INSTRUCTIONS TO FOLLOW:
The pictures are to be left out when the listing below is reproduced word for word.

INFORMATION SHOWN:
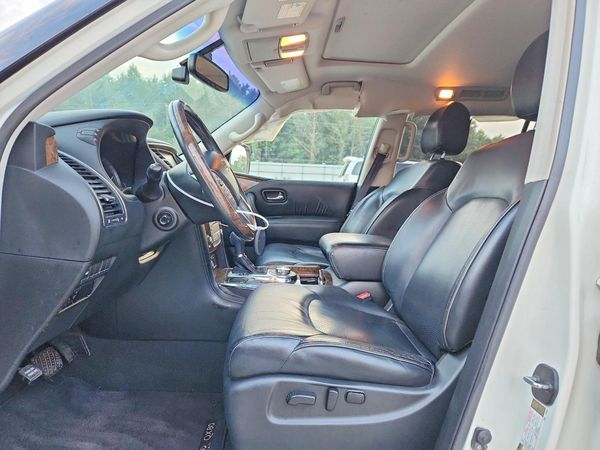 2017 INFINITI QX80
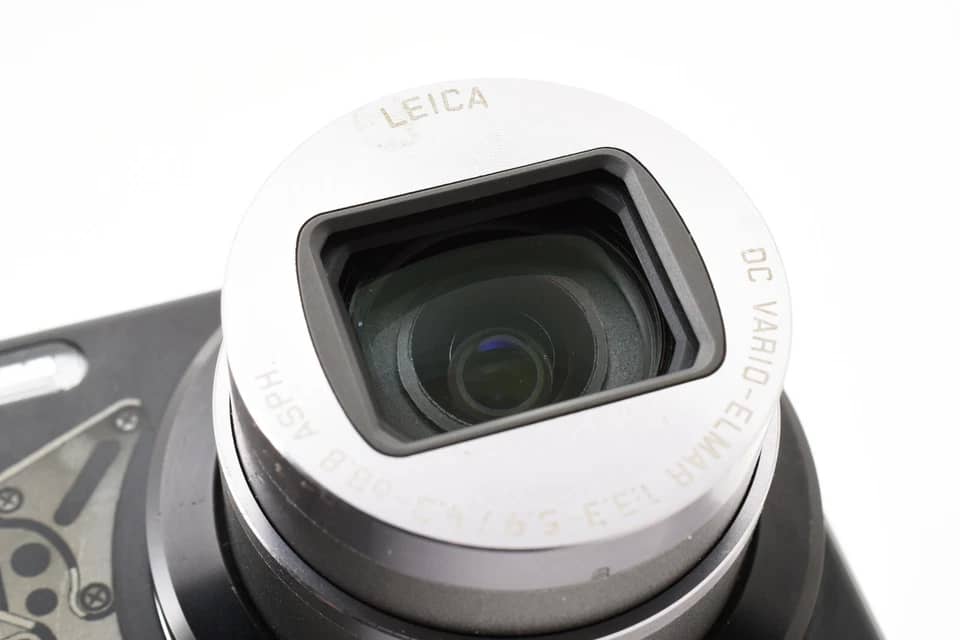 Leica V-LUX 30 Digital Cameras Black Used - Like New Body Only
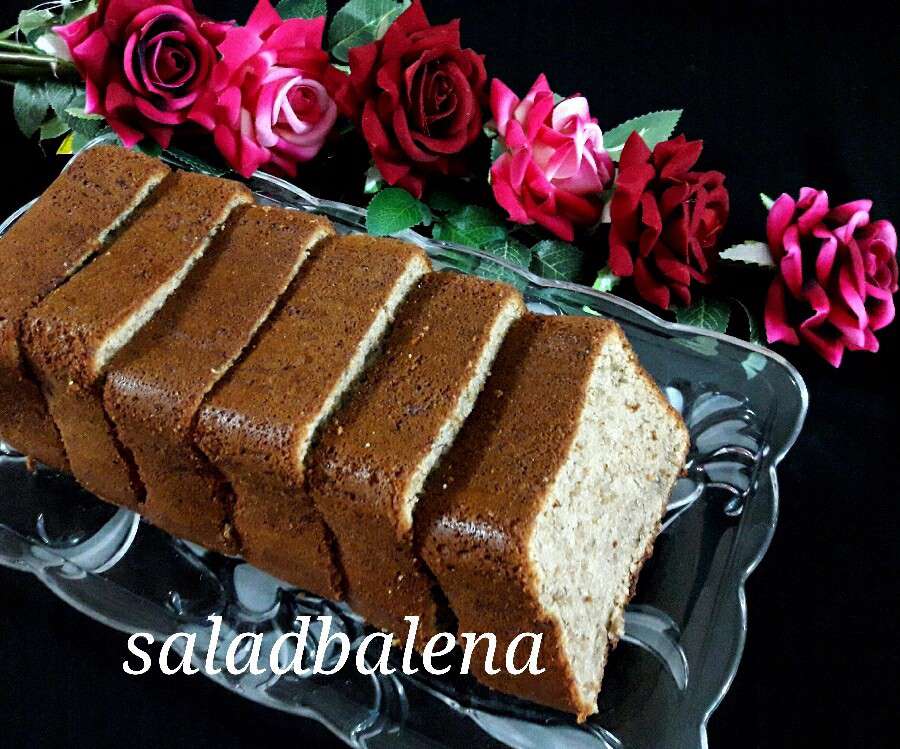 آشنایی با روش تهیه کیک اسفنجی موزی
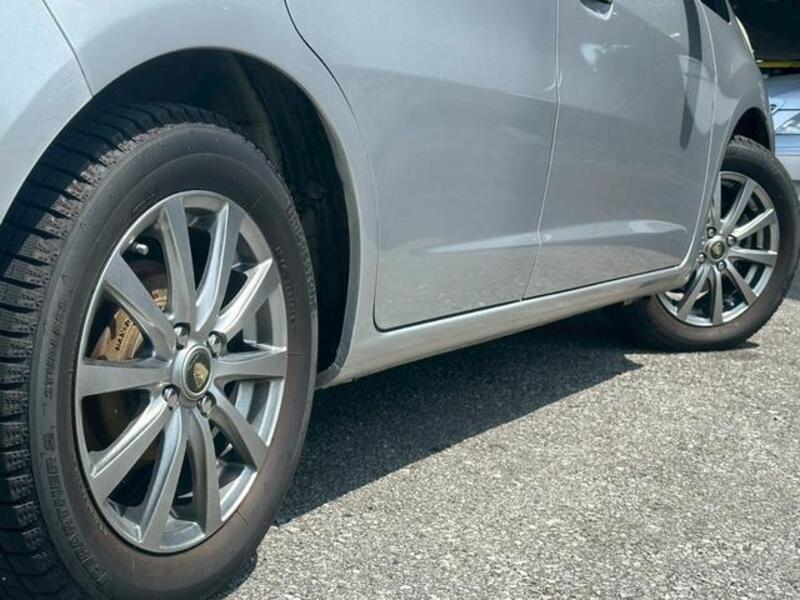 FIT HYBRID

RESULT:
 2017 INFINITI QX80
 Leica V-LUX 30 Digital Cameras Black Used - Like New Body Only
 آشنایی با روش تهیه کیک اسفنجی موزی
 FIT HYBRID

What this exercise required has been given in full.